Now I don't know if it's just me, but there's something about Winona Ryder that I have never liked from the get-go. I have steadfastly refused to see any movie she's in, regardless how large or small the part has been or even if said part has been unbilled. Simply put, like Barbara Walters or Jude Law, I simply cannot stand her. If I see her mug on the screen, I will grab for the remote or fly across the room and either change the channel or pull the plug, and if I break a few bones in the process, so be it - that's how much I simply cannot handle Winona Ryder. If she has ever had any legitimate talent, it's lost on me.

In a vain and pathetic effort to deflect attention from the troubled history of his client as well as her probable guilt, Ryder's attorney Mark Geragos is grandstanding by accusing the District Attorney's office of suborning perjury.
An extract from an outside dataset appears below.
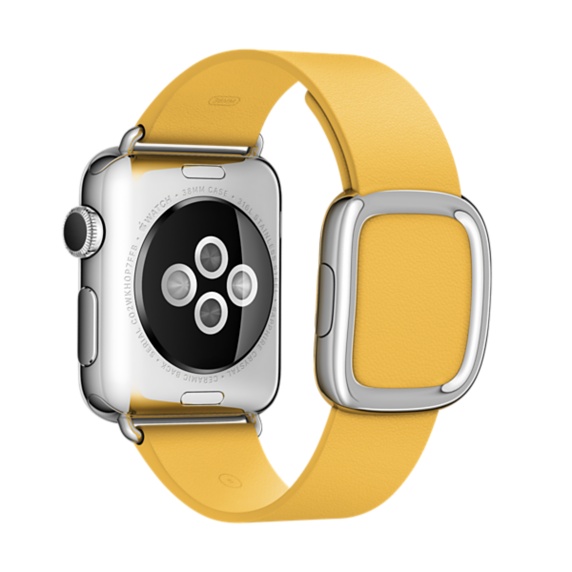 Here's All the New Apple Watch Bands [Images]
Being a celebrity does have its perks for Ms. Ryder - or so it seems. Among those in the courtroom to lend emotional support was hometown native Mark Klaas. Klaas, a Petaluma, California native where Ryder is also from, is the father of 12-year-old Polly Klaas, who was abducted from her home in 1993 and killed by a convicted kidnapper, who now awaits a not-soon-enough execution at San Quentin. Ryder had been active in the search efforts for Polly and helped in later efforts to reform the criminal justice system. Ryder embraced Klaas during a break and thanked him for coming. If Ryder ever needed friends, that time is going to be now.

With all these celebrities being arrested for one offense after another to include Murder 1 with Special Circumstances (such as O.J. Simpson and Robert Blake), the patience of the American public has reached a point that they are not asking, but demanding that justice be handed out equally with no special treatment for celebrities or other famous folks.
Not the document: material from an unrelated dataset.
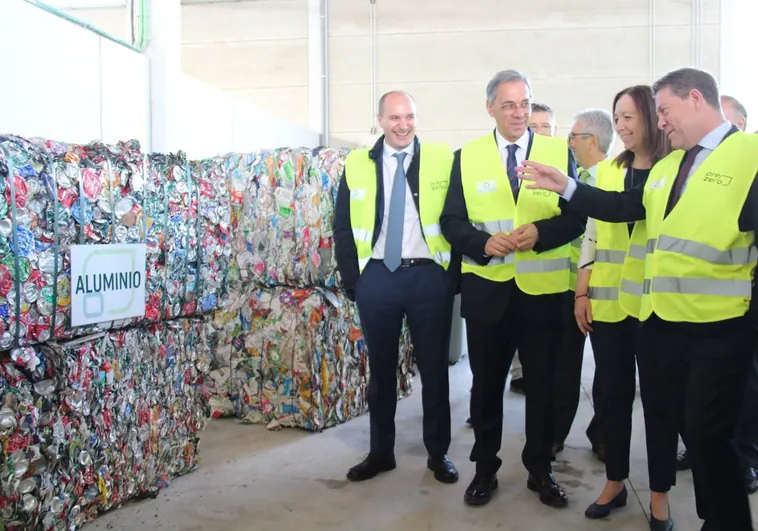 Comsermancha ya separa residuos orgánicos de 21 municipios de Ciudad Real para que sean compostaje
On the whole, we as a people are sick and tired of the "abuse excuse", the syndrome excuse and what Jack McCoy's character on Law & Order so accurately called "the Oprahfication of America", where people are always seeking to pass the buck to somebody else - as long as it doesn't stop with them. The time has long since come for people to take responsibility and be held accountable for their legal as well as their illegal and criminal actions - to be punished for their crimes with sentences commensurate with the offense, and for those sentences to be served in their entirety with no time off for good behavior, but rather, to have time added for bad behavior. Perhaps then and only then will we have a meaningful and effective judicial system in America.

Equal justice under the law - let's put some meaning back into those words and restore the blindfold back to Lady Justice in order that our faith in the system may not only once again be restored, but justified too.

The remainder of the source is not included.